Operando Spectroscopic Microscopy of LiCoO2 Cathodes Outside Standard Operating Potentials

Saturday, September 30, 2017

The ever-growing demand for more energy storage capacity for portable electronics and electric vehicles has increased the frequency of catastrophic battery failure and the need to mitigate or prevent it entirely. Over-lithiation (or over-discharge) of the cathode during discharge is just one possible failure mechanism and safety concern. Over-lithiation can occur due to inadequate battery management when multiple cells are placed in parallel or are cascaded. If a battery management system is not conservative enough, a battery pack could appear to be working within a safe voltage window while the cell with the lowest capacity may experience over-lithiation.

Figure 1

Figure 1. a) X-ray absorption spectroscopy of the LiCoO2 cathode during over-lithiation. The spectra are colored from red to violet starting with OCV and ending in the over-lithiated state. The spectrum for Co metal is black. Two arrows indicate the reaction direction. b) Linear combination fitting plotted with the cell’s electrochemistry (green) shows LiCoO2 conversion to Co metal with approximately 13% LiCoO2 remaining at the 0.8 V cutoff. A dashed line has been added to aid in distinguishing the linear and nonlinear regions of the conversion reaction, which directly correlate with the voltage plateau. The error bars indicate the uncertainty in the fitting percentages.

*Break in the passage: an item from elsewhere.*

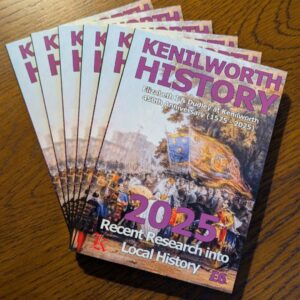 Kenilworth History 2025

In a recent study, researchers from SSRL used operando x-ray absorption spectroscopy (XAS) and operando spectroscopic transmission x-ray microscopy (TXM) to understand the chemical and morphological changes that occur during over-lithiation of standard LiCoO2 cathodes. The studies reveal a core-shell conversion pathway from LiCoO2 to Li2O and Co metal during over-lithiation (Figures 1 and 2). This conversion reaction is accompanied by a delayed, irreversible mechanical degradation with micron-sized particles cracking and pulverizing, allowing Li-ions access to the core of the particles (Figure 2). Because of the delay, the mechanical degradation is likely avoided in brief over-lithiation events, where only the surface of the particles would convert to Co. The use of nano-sized LiCoO2 could decrease the morphological changes occurring during over-lithiation, which may improve the lifetime of the battery after an accidental deep discharge. Further studies are necessary to determine in particle degradation can be avoided and if the mitigation of the microscopic mechanical degradation improves capacity retention and cycle lifetime after over-lithiation. This work demonstrates the value in linking chemical and morphological dynamics using complementary x-ray characterization techniques to understand electrode failure mechanisms.

Figure 2

Figure 2. Schematic of the transmission x-ray microscope with selective maps of showing the Co chemistry during over-lithiation (discharge). Color is used to indicate the percentage of each chemical state (red for LiCoO2 and green for Co). The transparency of a pixel indicates the total content of Co in the pixel.

Primary Citation: 

J. Nelson Weker, A. M. Wise, K. Lim, B. Shyam and M. F. Toney, "Operando Spectroscopic Microscopy of LiCoO2 Cathodes Outside Standard Operating Potentials", Electrochim. Acta 247, 977 (2017) doi: 10.1016/j.electacta.2017.06.173.